**YOUR TASK**
Print the line containing "PIASTRA PEDANA DESTRA" and every line after it exactly as written, through the end of the records.

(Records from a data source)
○ ○ ○ ○
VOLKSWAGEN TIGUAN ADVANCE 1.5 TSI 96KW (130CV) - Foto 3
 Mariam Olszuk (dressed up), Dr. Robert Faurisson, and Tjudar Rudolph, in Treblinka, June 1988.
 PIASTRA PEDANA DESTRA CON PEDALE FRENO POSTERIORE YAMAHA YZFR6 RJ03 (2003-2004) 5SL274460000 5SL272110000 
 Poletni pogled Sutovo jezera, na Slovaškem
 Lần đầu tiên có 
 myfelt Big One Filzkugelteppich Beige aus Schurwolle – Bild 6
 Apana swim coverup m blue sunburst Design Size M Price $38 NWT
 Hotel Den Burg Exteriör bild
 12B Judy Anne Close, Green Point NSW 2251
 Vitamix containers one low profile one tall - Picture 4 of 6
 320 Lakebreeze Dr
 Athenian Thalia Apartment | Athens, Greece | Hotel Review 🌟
○ ○ ○ ○
**OUTPUT BELOW**
 PIASTRA PEDANA DESTRA CON PEDALE FRENO POSTERIORE YAMAHA YZFR6 RJ03 (2003-2004) 5SL274460000 5SL272110000 
 Poletni pogled Sutovo jezera, na Slovaškem
 Lần đầu tiên có 
 myfelt Big One Filzkugelteppich Beige aus Schurwolle – Bild 6
 Apana swim coverup m blue sunburst Design Size M Price $38 NWT
 Hotel Den Burg Exteriör bild
 12B Judy Anne Close, Green Point NSW 2251
 Vitamix containers one low profile one tall - Picture 4 of 6
 320 Lakebreeze Dr
 Athenian Thalia Apartment | Athens, Greece | Hotel Review 🌟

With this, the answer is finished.